- _Data provided_:
--- START ---
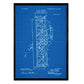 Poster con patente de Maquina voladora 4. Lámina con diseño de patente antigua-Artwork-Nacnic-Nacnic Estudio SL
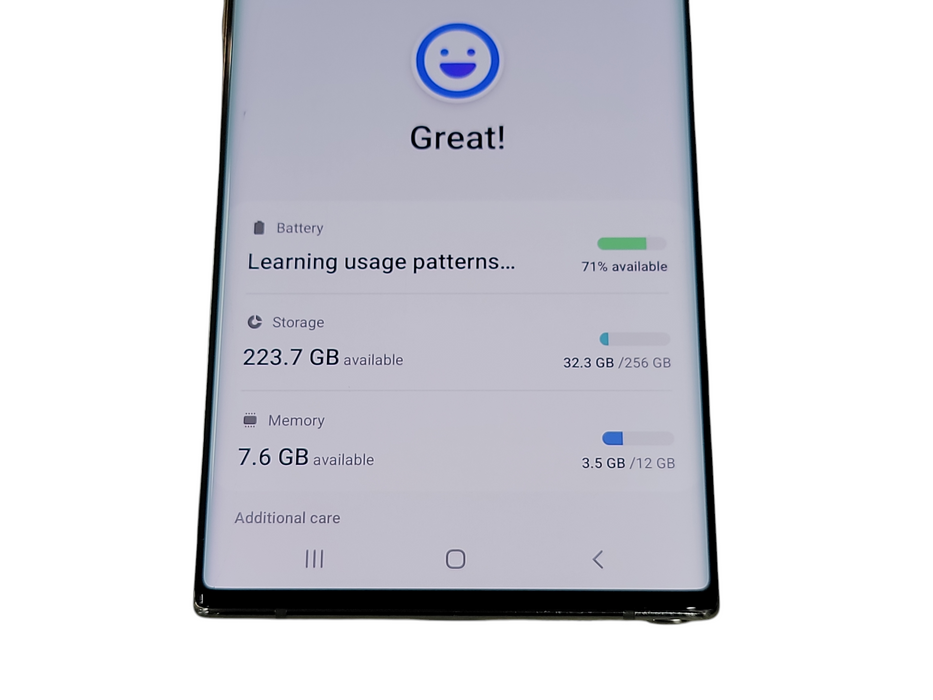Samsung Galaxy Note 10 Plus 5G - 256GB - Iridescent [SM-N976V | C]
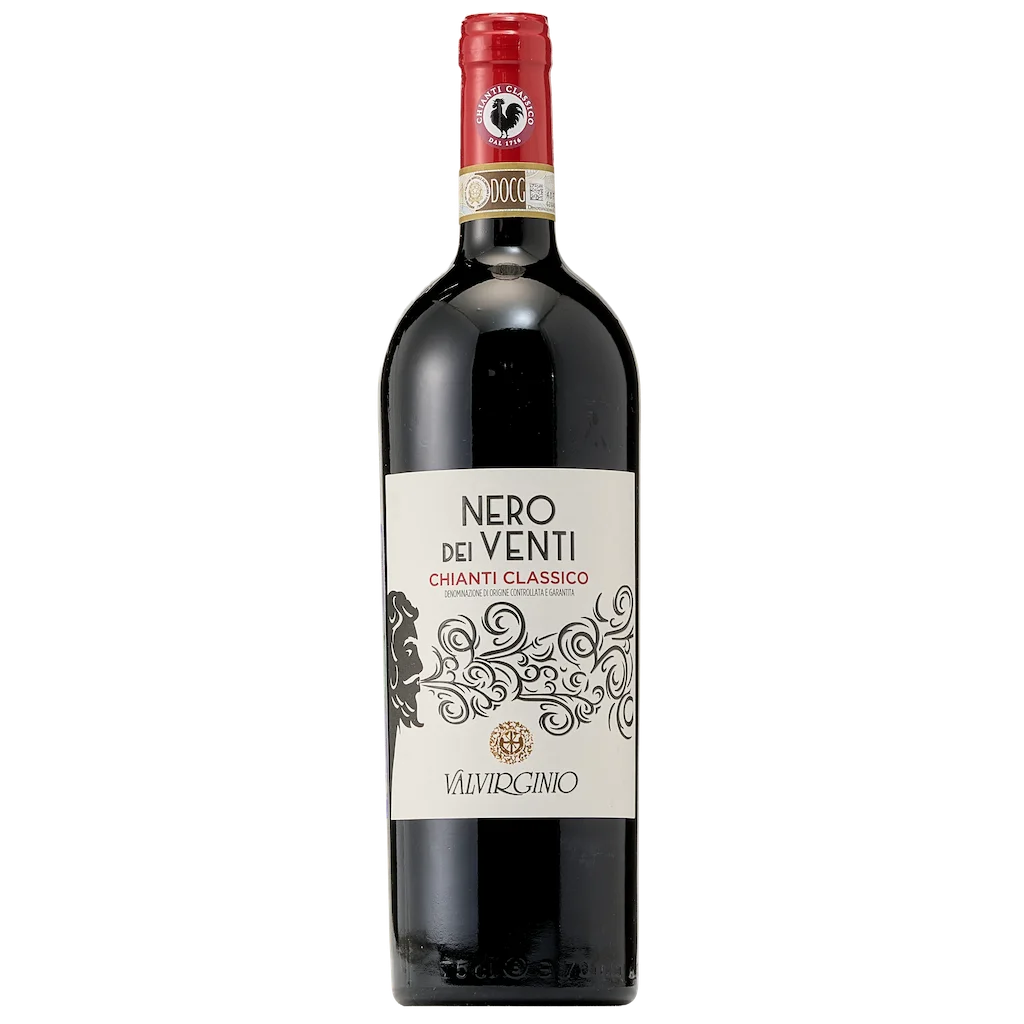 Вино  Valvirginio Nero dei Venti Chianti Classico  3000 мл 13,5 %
--- END ---
- _What you should do_: Reproduce the data above word for word, but leave the images out.

- _Result_:
 Poster con patente de Maquina voladora 4. Lámina con diseño de patente antigua-Artwork-Nacnic-Nacnic Estudio SL
Samsung Galaxy Note 10 Plus 5G - 256GB - Iridescent [SM-N976V | C]
 Вино  Valvirginio Nero dei Venti Chianti Classico  3000 мл 13,5 %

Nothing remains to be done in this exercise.